---------- PROVIDED RECORDS ----------

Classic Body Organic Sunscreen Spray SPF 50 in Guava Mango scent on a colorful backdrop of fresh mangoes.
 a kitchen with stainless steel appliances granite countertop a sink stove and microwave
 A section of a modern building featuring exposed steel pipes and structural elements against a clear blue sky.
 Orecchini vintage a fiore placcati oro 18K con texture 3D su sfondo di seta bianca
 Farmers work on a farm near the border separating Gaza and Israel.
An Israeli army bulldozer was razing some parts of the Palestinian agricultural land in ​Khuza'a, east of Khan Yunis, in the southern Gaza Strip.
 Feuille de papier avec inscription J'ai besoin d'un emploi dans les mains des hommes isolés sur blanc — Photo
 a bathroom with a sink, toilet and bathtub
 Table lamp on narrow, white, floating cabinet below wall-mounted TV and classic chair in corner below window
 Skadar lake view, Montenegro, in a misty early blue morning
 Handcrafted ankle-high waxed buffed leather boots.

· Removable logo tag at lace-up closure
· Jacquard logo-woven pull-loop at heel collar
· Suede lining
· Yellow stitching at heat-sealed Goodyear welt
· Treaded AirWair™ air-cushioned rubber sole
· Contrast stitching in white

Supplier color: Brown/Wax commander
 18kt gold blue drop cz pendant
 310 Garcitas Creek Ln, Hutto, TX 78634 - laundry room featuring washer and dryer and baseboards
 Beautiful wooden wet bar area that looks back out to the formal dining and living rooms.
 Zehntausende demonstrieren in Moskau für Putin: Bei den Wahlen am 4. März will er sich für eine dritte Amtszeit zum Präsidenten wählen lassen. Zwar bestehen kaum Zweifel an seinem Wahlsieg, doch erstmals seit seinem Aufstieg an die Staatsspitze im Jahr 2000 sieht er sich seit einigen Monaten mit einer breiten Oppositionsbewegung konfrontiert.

----------

*YOUR GOAL*: A complete answer gives every line of the data that includes "white".

*ANSWER BOX*:
 Table lamp on narrow, white, floating cabinet below wall-mounted TV and classic chair in corner below window
· Contrast stitching in white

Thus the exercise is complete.